Our adventure began when we saw the German hikers from a distance being escorted by several guys in military uniforms. The Dr. wanted to shout and wave and get their attention. Maybe they’re being shown a short cut! That was a nice thought but my thinking was that we were in Colombia, a country with ripe history of drugs and violence and that we probably shouldn’t be attracting the attention of armed men while in the mountains. Not to be defeated, the Dr. insisted to take his own short cut a few miles later. I was familiar with the road after watching it on our way up a couple of days before and I didn’t feel confident cutting corners in an unfamiliar territory. I shouted after him when he insisted on going down a different route but to no avail; I ended up on my merry way alone. We did meet at some point again, but I was livid that he insisted on going his separate way. For the remainder of the hike–about three hours–we were on our own. I was on my own.

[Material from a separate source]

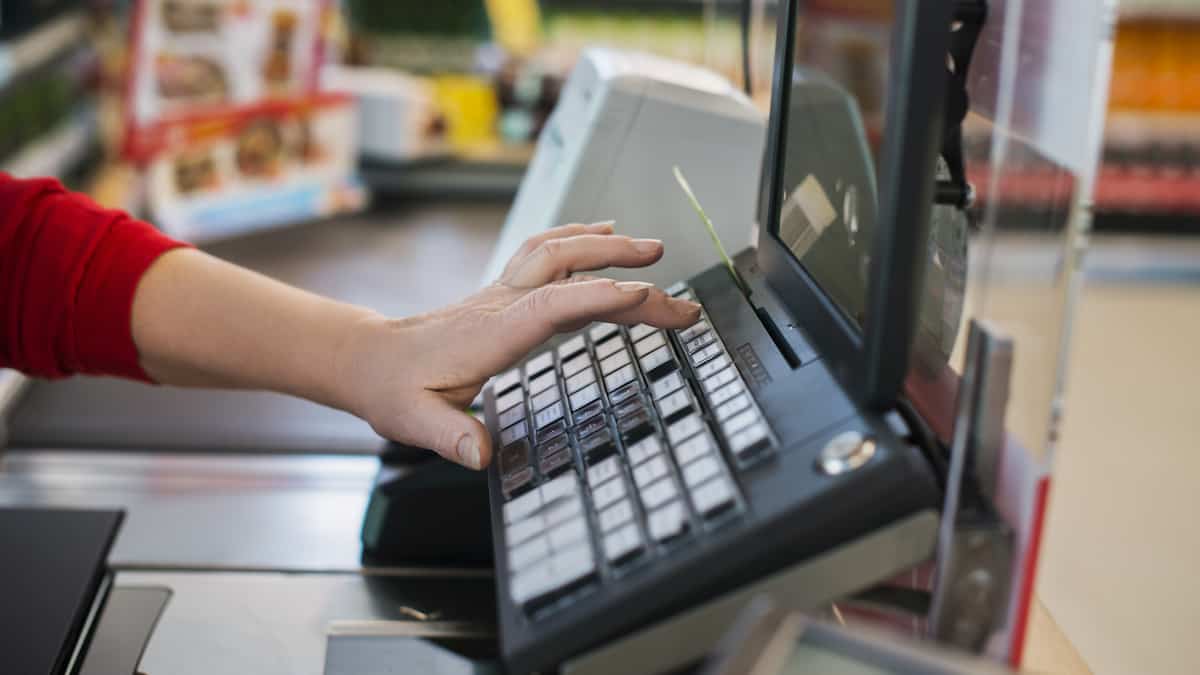 Salaire minimum à 20$: bon pour tout le monde?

I tried to enjoy the quiet time and the experience of being on my own. I asked a group slaughtering a cow for the holidays permission to take photographs. I said hello to a few pigs, cows and horses, and even rabbits. I waved to farmers staring down from a hill while I lugged my backpack. Motorcyclists stopped and inquired if I was lost; a couple offered me a ride. I stuck to my guns and swore that I would finish the rest of the trek on foot. I would finish it on my own without the stubborn Dr.! (I do recognize the fact that I was being equally stubborn, but hey, I’m the one telling you the story here.) I stopped a few times to ask some locals in my poor Spanish if I was going the right way and it was with their confirmation that let me gather strength to keep going. When the town’s church building finally revealed itself from where I was walking, I sighed a breath of relief: a few more miles and I will be back at the bus station.

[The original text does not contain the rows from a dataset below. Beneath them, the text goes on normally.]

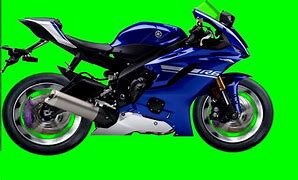 Image result for Motorcycle JPEG Free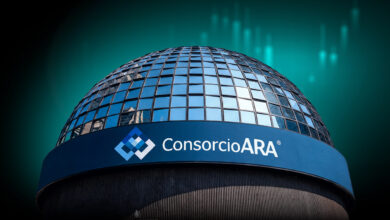 El objetivo de la oferta es adquirir la totalidad de las acciones de Ara que no se encuentran en manos de la familia Ahumada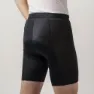 GripGrab Ride Padded Radhose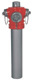 GRATZ & B�HM Armaturen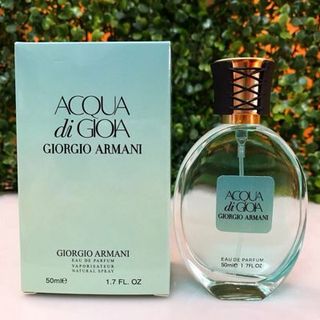 Garnet 50ml đóng nút vip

Back in the town center, I sat in the park and waited for the Dr. I was hating him then, but I also realized that he had our money and that we would need to make up if I wanted to go back to the city. (Note to self: keep some local currency to myself in case of emergencies or…stubborn situations.) A few minutes later, he rolled in the park behind some guy in a motorcycle. I found out later that he was asking locals all over the mountain if they’ve seen someone who looked like me, and because I stopped a few times to talk to them, he kept getting confirmation that I was still alive and going the right way. (I also found out later that the Germans were indeed being escorted by the military to a short cut.)

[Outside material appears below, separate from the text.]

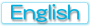 english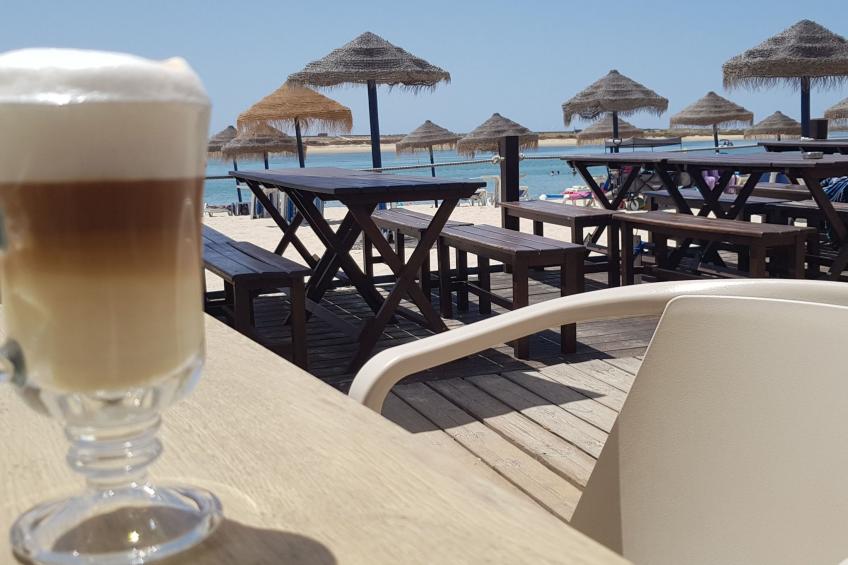 Casa bem-vindo - foto 12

The twelve-hour bus ride was more miserable than ever because I sat next to him with a heavy heart. I was about to reach a new milestone the next day and I couldn’t believe we still had to fight after all we’ve gone through in El Cocuy. The hot shower in our Bogotá hotel at 5am after the long bus ride did more than just cleanse our bodies, it also warmed our cold, cold hearts. We started the new leg of the rest of our trip nicely after that. Sometimes, a trip like El Cocuy is necessary to sustain a relationship like ours.

Related post/s:
El Cocuy photos on Flickr when I hiked down alone
Day 3: Hiking Pulpito de Diablo, El Cocuy, Colombia

Day 3: Hiking Pulpito de Diablo, El Cocuy

It’s hard to find the perfect adjective to describe the feeling you get when you see a rocky mountain view interrupted only by thin sheets of fog the first time you step out of a tent, but that’s what sticks in my mind when I recall our mornings in El Cocuy.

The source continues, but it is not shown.